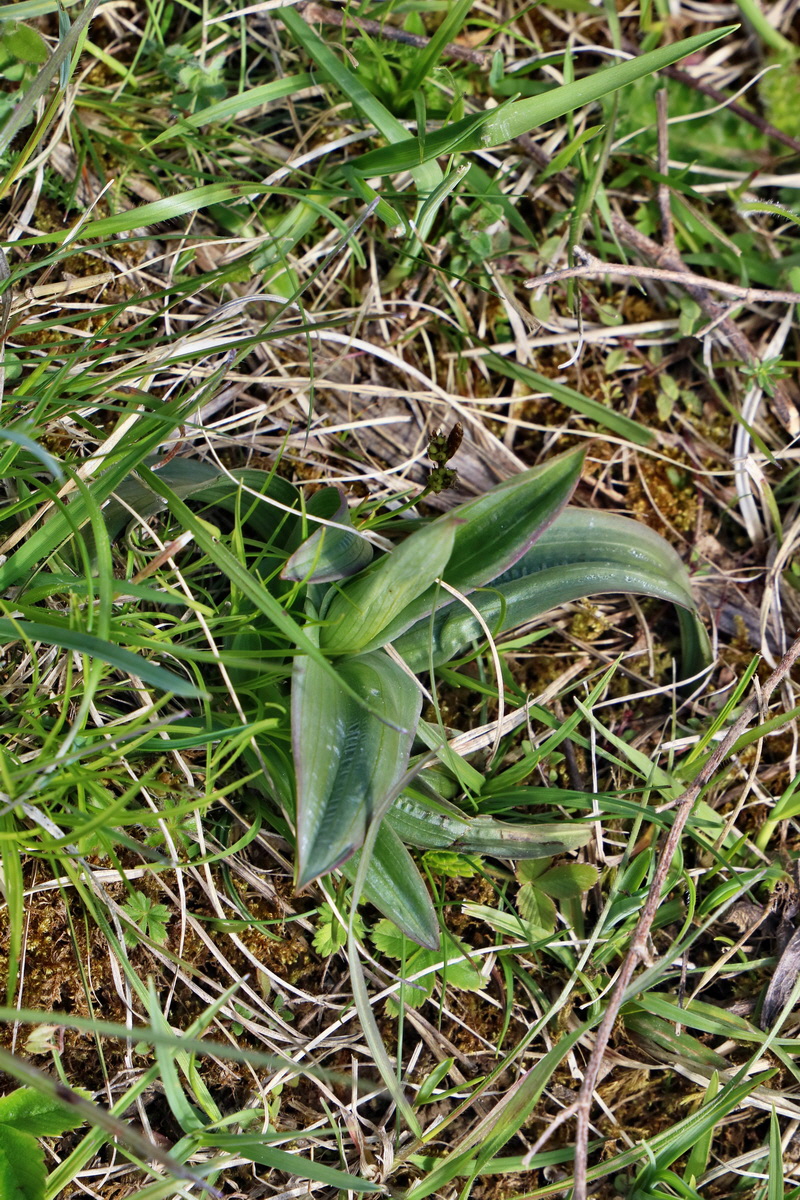 IMG_2597p_Bildgr��e �ndern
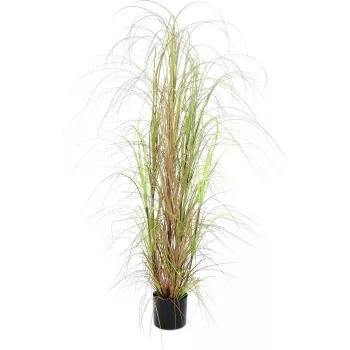 EUROPALMS Mata de hierba artificial, 150cm, verde, decoración de interior 82600127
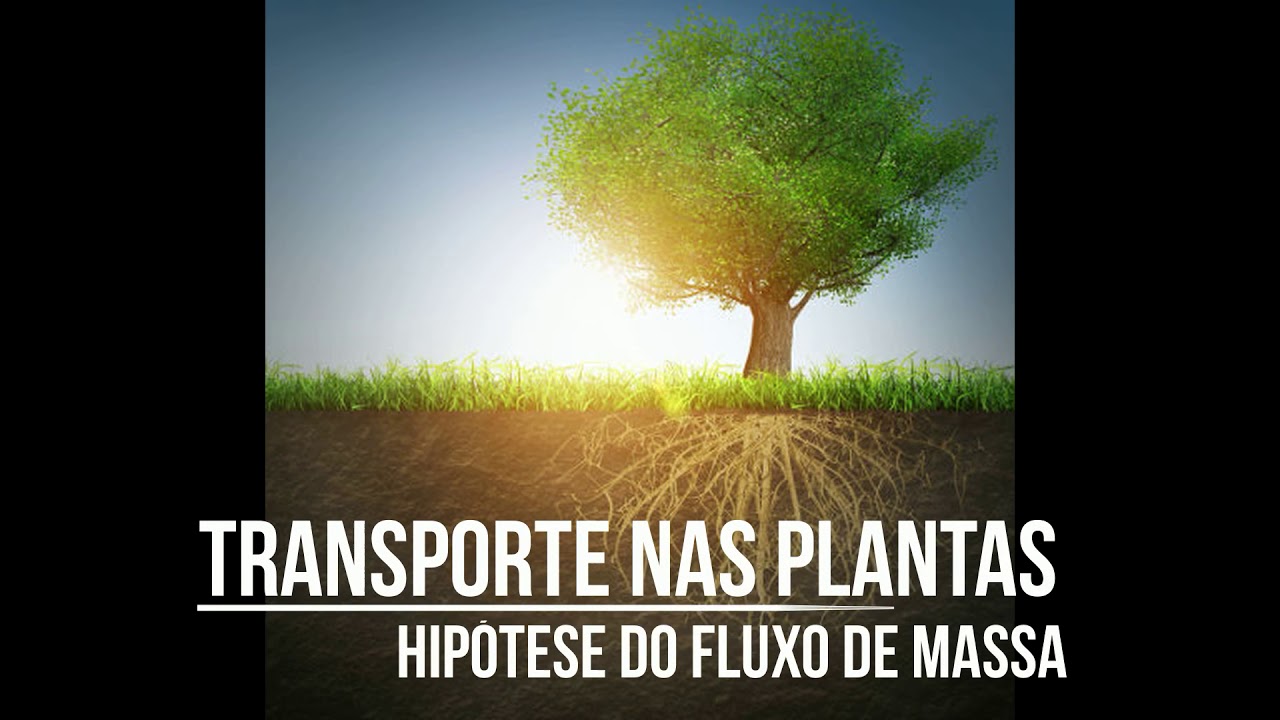 Hipótese do fluxo de massa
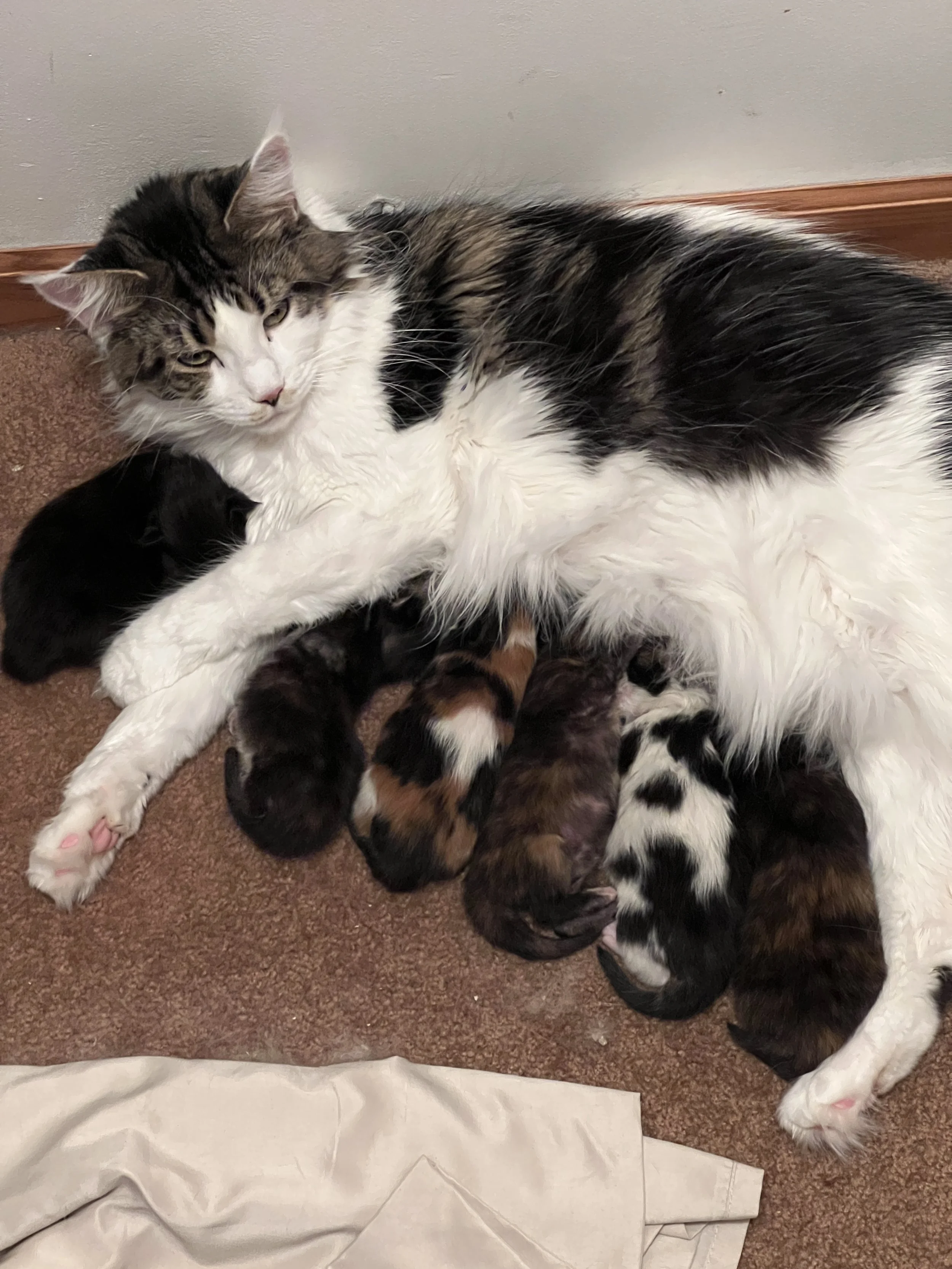 Molly, a brown tabby and white Maine Coon, lying on the carpet with a nursing litter of multicolored kittens gathered against her belly.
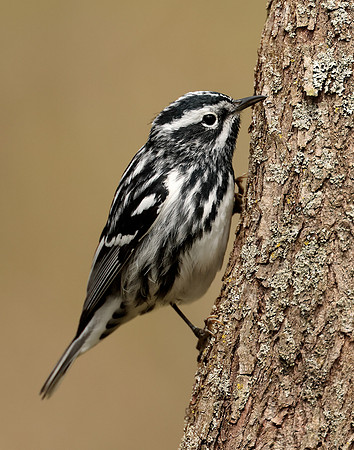 Black-and-White Warbler Mniotilta varia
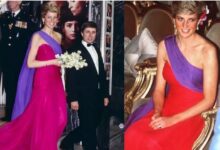 Photo of थाईलैंड में Princess Diana के खास गाउन ने जीत ल‍िया था सबका द‍िल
◇ ◇ ◇
## Exercise goal:
Write out each line again, exactly as it appears above, except for any picture.

## Finished exercise:
 IMG_2597p_Bildgr��e �ndern
 EUROPALMS Mata de hierba artificial, 150cm, verde, decoración de interior 82600127
 Hipótese do fluxo de massa
 Molly, a brown tabby and white Maine Coon, lying on the carpet with a nursing litter of multicolored kittens gathered against her belly.
 Black-and-White Warbler Mniotilta varia
 Photo of थाईलैंड में Princess Diana के खास गाउन ने जीत ल‍िया था सबका द‍िल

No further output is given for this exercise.